Trust, alongside performance, is rapidly becoming a key operational requirement of AI models. Our research will focus on two key dimensions of trust:

  1. Explainability. The superior performance of AI models usually comes at the cost of model opacity, where humans cannot understand how decisions were made by the models without clear interpretations. Concerns over the black-box nature of AI hampers the further use of AI in mission-critical applications, such as finance and healthcare. High-quality explanations will enable us to understand and audit the AI models. However, most current explanation methods lack theoretical supports to generate faithful, informative, and concise explanations. Towards this end, we will research into explanations from three theoretical perspectives:

    i) Information theory to exhibit how information flows along with model architectures;
    ii) Game theory to identify the coalitions as prototypes or patterns memorized in the models; and
    iii) Causality to distinguish the causal and non-causal effects on explanations.

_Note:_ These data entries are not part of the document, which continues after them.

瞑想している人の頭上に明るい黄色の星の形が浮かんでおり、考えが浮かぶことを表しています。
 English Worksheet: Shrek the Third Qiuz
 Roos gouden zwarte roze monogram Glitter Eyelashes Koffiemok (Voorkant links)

    Moreover, we propose using additional metrics (e.g., fidelity, accuracy, contrastivity, sanity checks) and visual inspections to quantitatively and qualitatively evaluate the quality of the generated explanations.

  2. Robustness. AI models are usually fragile and vulnerable to adversarial samples (e.g., image perturbations, malicious behaviors), which act as attacks to influence the models negatively and cause privacy leakage. This poses real threats to the deployment of AI models. Hence, it is essential to enhance the robustness of AI models against such adversarial attacks. Towards this end, the key research tasks to be carried out are:
    i) Adversarial attack to discover the drawbacks or backdoors of AI models, investigate the failure cases, and quantify their vulnerability;
    ii) Adversarial defense to learn how to identify and mitigate the negative influence of attacks.

For this research, we will build a framework of AI accountability, which contains a set of novel technologies and models to inspire trust and help to audit the AI models and results. Taking event detection as an example, our framework will:
(1) audit the performance of the models by returning the explanations on why the detected events are similar to the target event;
(2) provide early detection and monitoring for emerging events by highlighting the causation of detection results;
(3) avoid model failure and event misdetection by ensuring stability against attacks.

As a result, our framework will benefit real-world applications in Fintech, E-Commerce, and Healthcare domains.


Chen, J., Song, L., Wainwright, M. J., & Jordan, M. I. “Learning to explain: An information-theoretic perspective on model interpretation”. In ICML, 2018.

Goodfellow, I. J., Shlens, J., & Szegedy, C. “Explaining and harnessing adversarial examples”. In Arxiv, 2014.

Kilbertus, N., Ball, P. J., Kusner, M. J., Weller, A., & Silva, R. “The sensitivity of counterfactual fairness to unmeasured confounding”. In UAI, 2019.

Moraffah, R., Karami, M., Guo, R., Raglin, A., & Liu, H. Causal interpretability for machine learning-problems, methods and evaluation. In KDD, 2020.

Zhang, Q., Nian Wu, Y., & Zhu, S. C. “Interpretable convolutional neural networks”. In CVPR, 2018.